_Exercise requirements_
Beginning at the first line of the data, print each line exactly, stopping after the line that contains "Đi săn sâu măng, món".

_Entries supplied_
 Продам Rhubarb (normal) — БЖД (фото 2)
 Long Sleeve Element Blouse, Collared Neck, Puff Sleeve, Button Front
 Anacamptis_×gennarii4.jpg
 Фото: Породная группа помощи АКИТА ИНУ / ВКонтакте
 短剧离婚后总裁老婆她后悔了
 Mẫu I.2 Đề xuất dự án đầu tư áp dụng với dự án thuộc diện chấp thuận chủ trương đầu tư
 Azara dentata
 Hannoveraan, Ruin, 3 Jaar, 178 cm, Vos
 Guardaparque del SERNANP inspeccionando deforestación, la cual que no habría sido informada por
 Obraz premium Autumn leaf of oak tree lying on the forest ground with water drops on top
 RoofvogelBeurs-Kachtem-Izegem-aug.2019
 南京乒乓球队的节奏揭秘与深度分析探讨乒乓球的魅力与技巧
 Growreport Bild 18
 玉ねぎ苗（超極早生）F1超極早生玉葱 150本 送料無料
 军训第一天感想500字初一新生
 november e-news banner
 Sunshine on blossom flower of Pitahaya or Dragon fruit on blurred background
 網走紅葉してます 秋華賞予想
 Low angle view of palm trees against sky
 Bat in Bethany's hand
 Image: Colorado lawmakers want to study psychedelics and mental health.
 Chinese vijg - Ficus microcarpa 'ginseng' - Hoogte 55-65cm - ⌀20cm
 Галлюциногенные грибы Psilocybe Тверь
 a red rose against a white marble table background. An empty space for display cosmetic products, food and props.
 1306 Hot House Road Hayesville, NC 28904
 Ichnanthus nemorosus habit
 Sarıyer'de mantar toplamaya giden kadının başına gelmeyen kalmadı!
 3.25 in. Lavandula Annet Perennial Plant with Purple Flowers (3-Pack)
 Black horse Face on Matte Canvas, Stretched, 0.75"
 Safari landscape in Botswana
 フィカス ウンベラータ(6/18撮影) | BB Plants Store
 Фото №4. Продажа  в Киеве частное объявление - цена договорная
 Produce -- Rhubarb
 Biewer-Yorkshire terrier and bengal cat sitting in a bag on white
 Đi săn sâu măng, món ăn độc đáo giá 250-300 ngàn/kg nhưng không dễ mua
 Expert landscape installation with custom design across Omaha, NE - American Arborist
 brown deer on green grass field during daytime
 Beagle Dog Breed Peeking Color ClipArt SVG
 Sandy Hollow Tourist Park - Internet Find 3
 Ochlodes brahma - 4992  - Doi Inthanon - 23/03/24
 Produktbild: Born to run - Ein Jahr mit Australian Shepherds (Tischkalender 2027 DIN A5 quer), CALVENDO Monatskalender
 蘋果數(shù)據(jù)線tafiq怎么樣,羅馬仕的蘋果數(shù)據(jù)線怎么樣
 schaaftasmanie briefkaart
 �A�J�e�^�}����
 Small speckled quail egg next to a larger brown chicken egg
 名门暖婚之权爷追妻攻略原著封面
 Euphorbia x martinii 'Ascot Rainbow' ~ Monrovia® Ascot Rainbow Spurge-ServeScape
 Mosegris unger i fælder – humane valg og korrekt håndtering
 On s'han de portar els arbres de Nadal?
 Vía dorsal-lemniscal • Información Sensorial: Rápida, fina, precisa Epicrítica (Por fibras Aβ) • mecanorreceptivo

_Output_
 Продам Rhubarb (normal) — БЖД (фото 2)
 Long Sleeve Element Blouse, Collared Neck, Puff Sleeve, Button Front
 Anacamptis_×gennarii4.jpg
 Фото: Породная группа помощи АКИТА ИНУ / ВКонтакте
 短剧离婚后总裁老婆她后悔了
 Mẫu I.2 Đề xuất dự án đầu tư áp dụng với dự án thuộc diện chấp thuận chủ trương đầu tư
 Azara dentata
 Hannoveraan, Ruin, 3 Jaar, 178 cm, Vos
 Guardaparque del SERNANP inspeccionando deforestación, la cual que no habría sido informada por
 Obraz premium Autumn leaf of oak tree lying on the forest ground with water drops on top
 RoofvogelBeurs-Kachtem-Izegem-aug.2019
 南京乒乓球队的节奏揭秘与深度分析探讨乒乓球的魅力与技巧
 Growreport Bild 18
 玉ねぎ苗（超極早生）F1超極早生玉葱 150本 送料無料
 军训第一天感想500字初一新生
 november e-news banner
 Sunshine on blossom flower of Pitahaya or Dragon fruit on blurred background
 網走紅葉してます 秋華賞予想
 Low angle view of palm trees against sky
 Bat in Bethany's hand
 Image: Colorado lawmakers want to study psychedelics and mental health.
 Chinese vijg - Ficus microcarpa 'ginseng' - Hoogte 55-65cm - ⌀20cm
 Галлюциногенные грибы Psilocybe Тверь
 a red rose against a white marble table background. An empty space for display cosmetic products, food and props.
 1306 Hot House Road Hayesville, NC 28904
 Ichnanthus nemorosus habit
 Sarıyer'de mantar toplamaya giden kadının başına gelmeyen kalmadı!
 3.25 in. Lavandula Annet Perennial Plant with Purple Flowers (3-Pack)
 Black horse Face on Matte Canvas, Stretched, 0.75"
 Safari landscape in Botswana
 フィカス ウンベラータ(6/18撮影) | BB Plants Store
 Фото №4. Продажа  в Киеве частное объявление - цена договорная
 Produce -- Rhubarb
 Biewer-Yorkshire terrier and bengal cat sitting in a bag on white
 Đi săn sâu măng, món ăn độc đáo giá 250-300 ngàn/kg nhưng không dễ mua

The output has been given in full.